The Stacks project

1. Suggestion: Write $J \subsetneqq J'$ instead of $J' \neq J, J \subset J'$.
2. We use the fact, that the set ${J' \subset R ideal | J \subset J'}$ has a minimal element. This seems similar to the analogous statement for noetherian rings. Should this be proved?

Dear Jonas, your first suggestion is a style question which I am going to ignore. For your second point: a nonempty ordered set with dcc has a minimal element.

A more general remark is that the Stacks project isn't exactly building everything from scratch. The reader should have some basic knowledge of ring theory, fields, topology, set theory, combinatorics, etc. For example the discussion on Noetherian rings simply states some properties and then starts to do more interesting stuff. This makes the choices we've made in the exposition of earlier stuff in the Stacks project a bit arbitrary at times (the proof here included), but I don't see how to avoid this.
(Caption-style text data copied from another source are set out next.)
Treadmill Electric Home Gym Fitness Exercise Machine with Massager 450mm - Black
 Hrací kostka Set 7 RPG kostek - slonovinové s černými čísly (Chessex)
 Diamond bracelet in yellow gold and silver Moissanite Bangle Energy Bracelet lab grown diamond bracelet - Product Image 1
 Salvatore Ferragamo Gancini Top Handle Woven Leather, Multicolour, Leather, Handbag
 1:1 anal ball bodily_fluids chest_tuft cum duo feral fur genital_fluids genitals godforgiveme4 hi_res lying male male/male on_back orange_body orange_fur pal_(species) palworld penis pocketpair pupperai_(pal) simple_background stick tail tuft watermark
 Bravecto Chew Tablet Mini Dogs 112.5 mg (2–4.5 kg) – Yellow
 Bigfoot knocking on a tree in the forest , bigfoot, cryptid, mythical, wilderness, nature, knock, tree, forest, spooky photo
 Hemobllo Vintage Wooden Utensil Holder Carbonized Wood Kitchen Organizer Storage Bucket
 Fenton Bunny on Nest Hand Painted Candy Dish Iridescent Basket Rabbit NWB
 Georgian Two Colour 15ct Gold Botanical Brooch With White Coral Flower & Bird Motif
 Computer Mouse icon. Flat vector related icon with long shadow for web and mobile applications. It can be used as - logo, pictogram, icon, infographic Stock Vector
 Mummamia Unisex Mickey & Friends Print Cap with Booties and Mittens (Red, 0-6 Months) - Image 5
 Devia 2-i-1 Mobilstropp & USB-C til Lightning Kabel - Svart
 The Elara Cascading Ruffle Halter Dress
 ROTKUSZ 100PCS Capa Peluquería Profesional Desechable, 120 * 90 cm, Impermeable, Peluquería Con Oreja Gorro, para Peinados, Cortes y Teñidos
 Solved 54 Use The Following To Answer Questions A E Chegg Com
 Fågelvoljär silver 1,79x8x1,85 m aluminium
How is nakayama's lemma applied here? It's not clear to me

Add a few words here.

The reference to Lemma 00DV (Nakayama's lemma) in the proof here strikes me as a red herring. I think(!) one can excise it from the proof at zero cost:

Lemma 00J8. Let $R$ be Artinian. The Jacobson radical of $R$ is a nilpotent ideal.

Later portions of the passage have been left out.